CIAM and User Experience: Usability and Login Best Practices
Highlights from Simeio’s July 22nd “Ask Me Anything Coffee Talk Series”
Last Wednesday’s Coffee Talk was another interesting and informative session. The topic was “CIAM and the User Experience.” The session hosts were Michael Bickford, Director, Solutions and Advisory at Simeio Solutions, and Danielle Kucera, Senior Product Marketing Manager at Okta. Here are some of the session highlights.
What is the importance of CIAM, specifically as it relates to usability?
Usability is incredibly important for CIAM, and user login is one of the first things we consider. It is the gateway to the user’s experience with your brand. Whether a user is logging in for the first time or returning, it’s the front door to your business, and that experience needs to be welcoming.
During login, we’ve all been asked the personal security questions, like what color is the house you grew up in, and what is your favorite winter sport? These questions become irritating, because the company doesn’t seem to recognize our device, or that we’ve logged in before. These questions aren’t considered best practices. They add friction to the user experience, and they don’t keep the user identity secure.
The best online customer experiences are those where the companies know who we are and what we like. Customers don’t care about what goes on behind the scenes. They just want a simple and easy experience, and to know their information is secure and their privacy intact. They want to seamlessly engage with your multiple channels and move between business lines logging in again and again.
To provide the best customer experience, it’s our responsibility to orchestrate our services to best meet the customer’s needs, across all channels and lines of business. Having a common view of a customer’s identity across all applications and services is critical to accomplishing this.
Can you elaborate on login best practices?

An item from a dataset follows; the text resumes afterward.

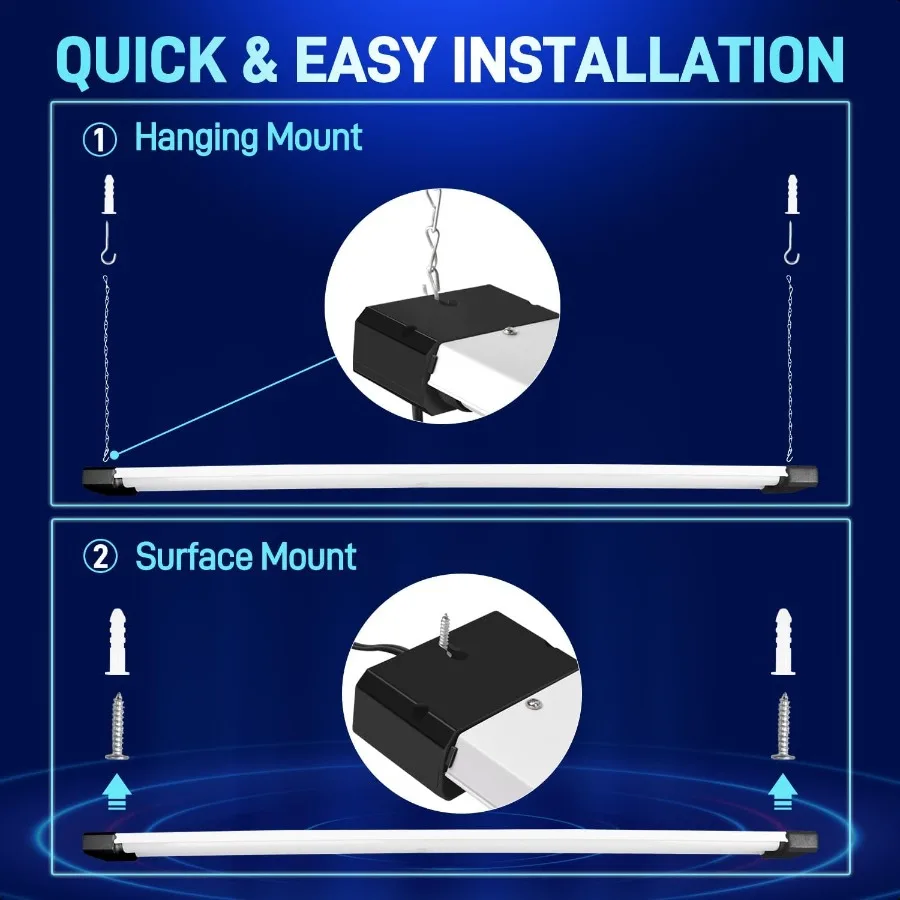 5000K LED Shop Light Linkable 4FT Daylight 42W LED Ceiling Lights for Garages Workshops Basements Hanging or FlushMount Power C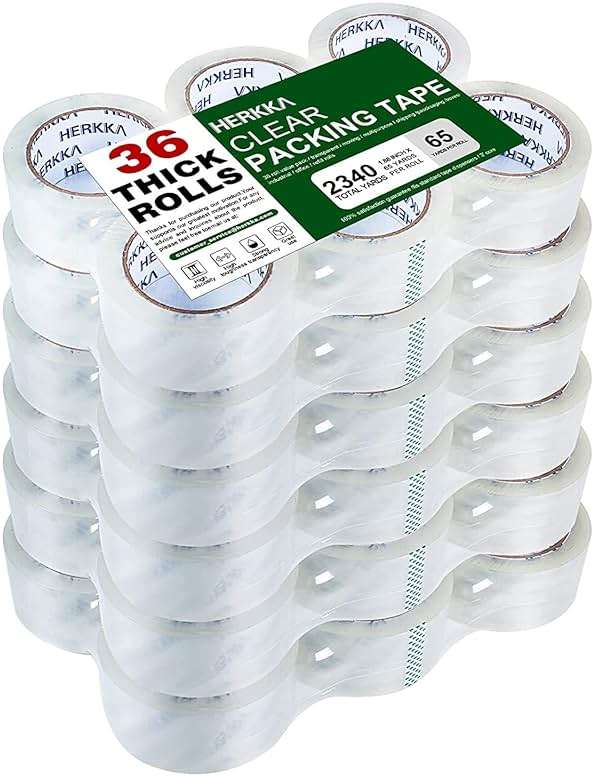 HERKKA Clear Packing Tape, 36 Rolls Heavy Duty Packaging Tape for Shipping Packaging Moving Sealing, Thicker Clear Packing Tape, 1.88 inches Wide, 65 Yards Per Roll, 2340 Total Yards - Image 1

Having a clear line-of-site into customer applications is important. Are they logging in to check their account status? Are they paying a bill? Providing customers with a single identity, where they can access all applications and services, with one login, is a common best practice. Providing secure access for transactions, with authorization and authentication, is another best practice.
Today, customers interact with a brand in many ways. Having a consistent login experience across all channels is important. Customers shouldn’t be negatively impacted, because of the variety of devices they use, whether a phone, laptop, tablet, or smart home device. Tying identity across all devices helps eliminate this friction.
Asking questions that don’t apply to the products or services you offer, or asking too many questions up front, will frustrate customers. Asking for the right information is a critical best practice. We call this progressive profiling. Ask only what you need in the initial interaction, and then over time, you can ask for additional information, but only if it’s relevant to your brand and the customer interest.
As privacy regulations increase, it becomes even more important to understand why you collect all that data. Many companies have overextended in collecting as much data as they can from customers. This is counter to what is considered a best practice.
The data collection and progressive profiling process should reflect what the customer wants to do. What the customer expects from your company, as they interact with you, will define your data collection process. And it’s different for every business. A hair salon will need different information than an athletic apparel company.
What is the process for progressive data profiling?
It’s important to collect information that’s relevant to your business and ask for it at the right time. If your backend system can’t identify a customer across devices and lines-of-business, you will be limited. Without a system that enables a single identity across multiple devices and different channels, the business is siloed. You will have to continuously ask customers to log in to each channel separately. And that makes for lousy customer experience.
The basic information for a login is username and password. You can identify the top three things that are important to your brand and services, and collect just one of those first. The key is prioritizing the data collection process, based on actual business need at the present time.
What should be the overall goal of a CIAM program?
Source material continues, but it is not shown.